Subsection Rate of change

Recall that the key to understanding the rate of change interpretation of the derivative is to use the particular formulation

\begin{equation*} f'(a)=\lim\limits_{b\to a}\frac{f(b)-f(a)}{b-a}\text{,} \end{equation*}

and to interpret the difference quotient

\begin{equation} \frac{f(b)-f(a)}{b-a}\tag{13.1} \end{equation}

as the average rate of change of $f$ between $a$ and $b\text{.}$ The idea is that as $b\to a\text{,}$ the average rate of change computed as by (13.1) gets closer and closer to an instantaneous rate of change of $f$ at $a\text{.}$ This is the motivation behind the definition of instantaneous rate of change given in Definition 10.6.

Procedure 13.1. Rate of change interpretations.

Suppose quantity $q$ is modeled as a function $q=f(s)$ of some other quantity $s\text{.}$ Roughly speaking, the derivative

\begin{equation*} f'=\frac{df}{ds}=\frac{dq}{ds} \end{equation*}

computes the (instantaneous) rate of change of $q$ with respect to $s\text{.}$ We elaborate below.

Difference quotient.

Let $s_0$ and $s_1$ be particular values of quantity $s$ satisfying $s_0 < s_1\text{.}$ The difference quotient $\frac{f(s_1)-f(s_0)}{s_1-s_0}$ computes the average rate of change of $q$ as the quantity $s$ varies from $s_0$ to $s_1\text{:}$ i.e.,

\begin{equation*} \left( \begin{array}{c}\text{ avg rate of change of } q\\ \text{ between } s_0 \text{ and } s_1\end{array}\right) = \underset{\frac{\Delta q}{\Delta s}}{\underbrace{\frac{f(s_1)-f(s_0)}{s_1-s_0}}} \text{ units }q \text{ per } \text{units } s \text{.} \end{equation*}

For each choice of $s_1\text{,}$ the difference quotient gives an approximation of the instantaneous rate of change of $q$ with respect to $s$ at $s=s_0\text{.}$
Rate of change of $q$ with respect to $s$.

Let $s_0$ be a particular value of the quantity $q\text{.}$ The value $f'(s_0)$ of the derivative at $s=s_0$ is the (instantaneous) rate of change of $q$ with respect to $s$ at the particular input $s_0\text{:}$ i.e.,

\begin{equation} \left( \begin{array}{c}\text{ rate of change of } q\\ \text{w/r to } s \text{ at } s_0 \end{array}\right) = f'(s_0) \ \text{ units }q \text{ per } \text{units } s \tag{13.2} \end{equation}

Example 13.2. Height versus age.

Suppose the height $h$ (in meters) of individuals in a population is modeled as a function $h=f(a)$ of their age $a$ (in years).

Interpret the two statements below in terms of the height and age of people.
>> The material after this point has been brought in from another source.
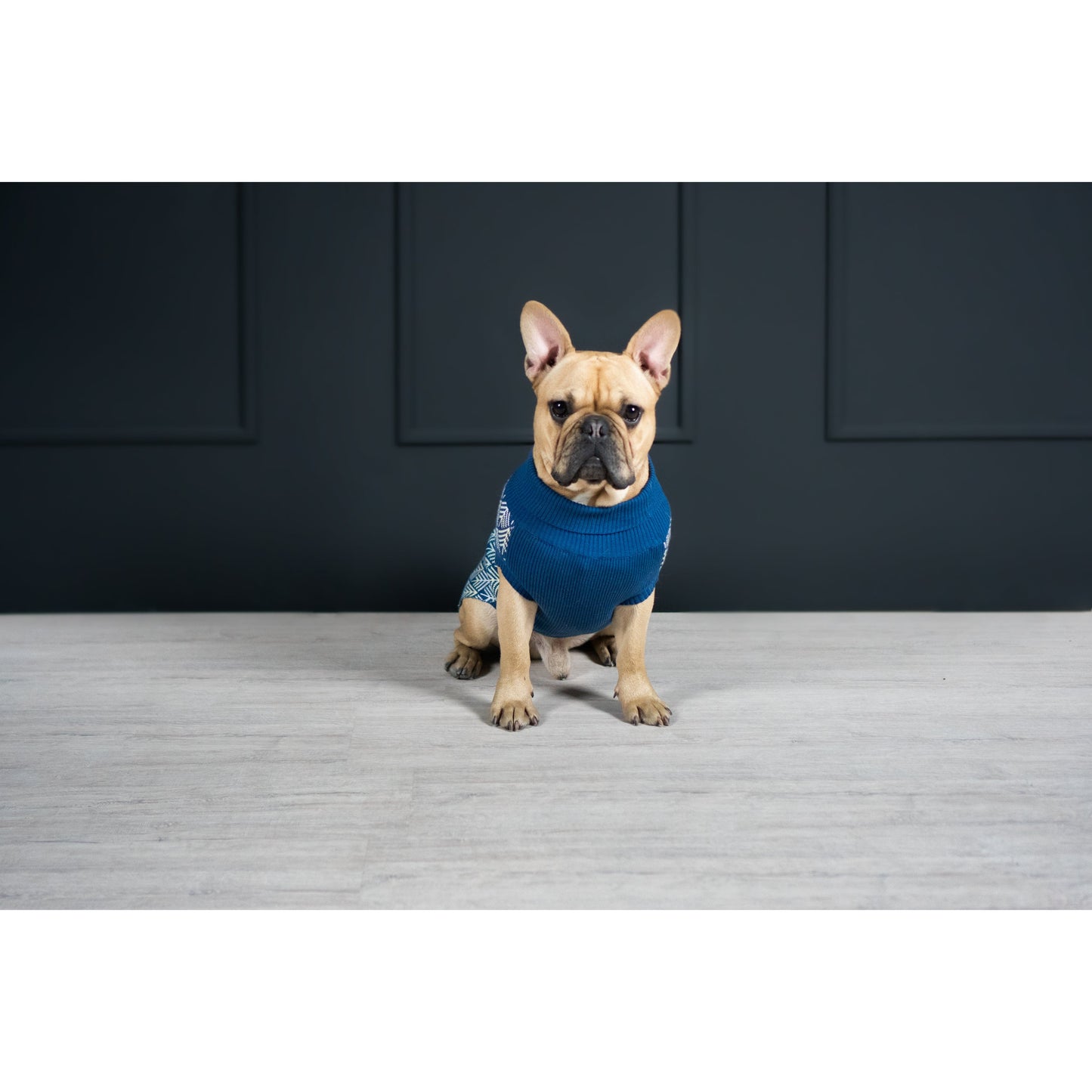 Pullo Jumper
Your interpretation should include units, and should address all numeric details in the statements.

\begin{align*} f(12)\amp = 1.5\\ f'(12) \amp = 0.06 \text{.} \end{align*}
What does the following sequence of statements tell us about the relation of height versus age? Be specific.

\begin{align*} f'(12) \amp = 0.06\\ f'(15) \amp = 0.025\\ f'(18) \amp = 0.001\text{.} \end{align*}

Solution.

The statement $f(12)=1.5$ asserts that the height of a 12-year old in the population is 1.5 meters.

The statement $f'(12)=0.06$ asserts that the rate of growth of a 12 year old in the population is $0.06$ meters per year.
The sequence of statements tells us that the rates of growth for 12-, 15-, and 18-year olds are, respectively, 0.06, 0.025, and 0.001 meters per year. This is consistent with the fact that as we grow older, our rate of growth slows, approaching a rate of zero around age 18.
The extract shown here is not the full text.